本世纪的第三次大公会议正式开幕。
按照康斯坦茨会议和巴塞尔会议的老办法,庇护二世也将整个会议划分为四个委员会。
在康斯坦茨会议上,为了公平起见,西吉斯蒙德皇帝要求教宗划分四个民族代表团,代表德意志,法兰西,北意大利和英格兰。
而在巴塞尔会议上,教宗改善了这种划分办法,将会议划分为四个处理不同事务的委员会。
庇护二世仿照的正是巴塞尔会议的老办法,将一部分参会者按照一定的规则划分为四个委员会。
“神学委员会”负责宗教信仰相关的事宜,包括对宗教经典的讨论。
“改革委员会”负责处理教会改革方面的事务。
“和平委员会”负责保障世俗势力范围内的广泛和平,向巴尔干地区传教也由这个委员会负责。
“组织委员会”负责进行一般性会议的组织和处理各方关系。
每个委员会都有各自的职责,负责整理所有参会者的意见,审核之后向教宗呈递,经教宗同意后形成新的决议供普遍会议表决。
普遍会议和委员会会议都遵从少数服从多数的基本原则。
在普遍会议通过的决议必须由四个委员会进行审议,至少要三个委员会表示赞同这项决议才能正式生效。
会议大厅中,气氛凝重而热烈。
第一次普遍会议讨论的议题就引发了极大的争议一一关于是否应该废止赎罪券的售卖。
一位颇为年轻的学者神情激动,他站起身后,声音洪亮地说道:“赎罪券本是教会给予信徒的一种精神宽免方式,可如今却沦为了敛财的工具。这简直是对信仰的亵读!”
他越说越激动,双手在空中挥舞着:“信徒们被误导,以为只要花钱就能赎罪,忽略了内心的谶悔和真正的信仰修行。
这种行为严重破坏了教会的神圣形象,也让普通民众对教会产生了深深的不满。”
此言一出,引起了不少人的共鸣。
一位来自法国的教士起身补充道:“从一百多年前开始,宽免暂罚的方式就被滥用来作为教会敛财的手段,赎罪券的出售愈发猖。
人们为了赎罪,倾家荡产购买赎罪券,而这些钱财大多进了教会高层的腰包,用于他们奢靡的生活。
这违背了基督的教义,也背离了教会的初衷。
长此以往,教会将失去民众的信任。”
然而,反对的声音明显更加强烈。
一位意大利枢机主教皱着眉头,神情严肃地反驳道:“赎罪券有着深厚的神学依据,是教会在罪人所作善功不足以完全补罪时,从功库中给予功德以抵偿罪罚之债的方式。

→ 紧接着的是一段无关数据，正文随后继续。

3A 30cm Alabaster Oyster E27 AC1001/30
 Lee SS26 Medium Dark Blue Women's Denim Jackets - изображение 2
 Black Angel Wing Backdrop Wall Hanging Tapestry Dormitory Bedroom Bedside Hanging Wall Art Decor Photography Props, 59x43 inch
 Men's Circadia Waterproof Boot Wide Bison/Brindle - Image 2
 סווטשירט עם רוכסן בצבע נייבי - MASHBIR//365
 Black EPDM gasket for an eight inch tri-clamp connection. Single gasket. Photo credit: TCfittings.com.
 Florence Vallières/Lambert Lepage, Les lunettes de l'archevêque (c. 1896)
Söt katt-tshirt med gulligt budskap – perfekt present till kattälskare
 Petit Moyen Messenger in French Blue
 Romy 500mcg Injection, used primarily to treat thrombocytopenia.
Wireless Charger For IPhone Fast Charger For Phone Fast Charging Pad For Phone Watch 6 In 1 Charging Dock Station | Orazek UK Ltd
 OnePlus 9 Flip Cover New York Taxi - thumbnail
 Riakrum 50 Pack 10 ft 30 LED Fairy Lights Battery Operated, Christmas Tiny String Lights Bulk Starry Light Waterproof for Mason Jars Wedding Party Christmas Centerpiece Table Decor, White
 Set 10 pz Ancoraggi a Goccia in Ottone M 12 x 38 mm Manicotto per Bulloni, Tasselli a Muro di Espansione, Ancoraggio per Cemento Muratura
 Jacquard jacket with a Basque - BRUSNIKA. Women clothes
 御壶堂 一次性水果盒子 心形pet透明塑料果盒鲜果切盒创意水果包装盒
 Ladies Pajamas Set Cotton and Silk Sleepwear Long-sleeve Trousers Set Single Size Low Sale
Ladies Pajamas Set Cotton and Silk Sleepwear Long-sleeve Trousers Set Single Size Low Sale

主教有权免除部分罪罚,教皇有权免除全部罪罚,这是教会的权力,也是上帝赋予的职责。
如果废止赎罪券,那信徒们如何获得罪罚的赦免?
教会又该如何行使拯救灵魂的使命?”
他的语气非常坚定,让人以为他真的是出于对传统教义的坚守才说出这样一番话。
但是,他身材臃肿,象一座随时可能塌的小山,走动时身上的肥肉跟着抖动,脚步沉重拖沓。
主教法袍紧紧裹着他肥胖的身躯,金线刺绣因他的体型被拉扯变形。
他胸前佩戴着耀眼的黄金十字架,一身装扮看起来价值不菲。
这导致他的发言完全失去了说服力。
不过,还有更多的主教发表观点反对废止赎罪券。
许多人一口咬定宽恕罪孽是天主教会的责任和义务,他们才不是为了从信徒们身上捞取钱财。
双方各执一词,争论不休。
支持废止的一方强调赎罪券被滥用带来的负面影响,认为教会应该回归纯净的信仰,通过引导信徒内心的修行来实现救赎。
而反对废止的一方则紧紧抓住赎罪券背后的神学理论,认为这是教会不可或缺的救赎手段。
第一轮会议在激烈的争论中走向尾声,教士们和学者们慷慨陈词,激烈争辩,甚至有人掏出《圣经》引经据典,试图说服反对者。
支持废止赎罪券的人希望借此机会削弱教会高层的权力,改变教会腐败的现状。
而反对者则担心废止赎罪券会动摇教会的权威,破坏教会的传统秩序。
拉斯洛和庇护二世并肩端坐在台上观察着这场激烈的辩论。
“看起来短时间内是得不出什么有用的成果了。”
拉斯洛有些无奈地摇头,对这场宗教会议感到略微有些失望。
庇护二世却并没有这样悲观,相反他显得有些激动,就好象改革已经成功了似的。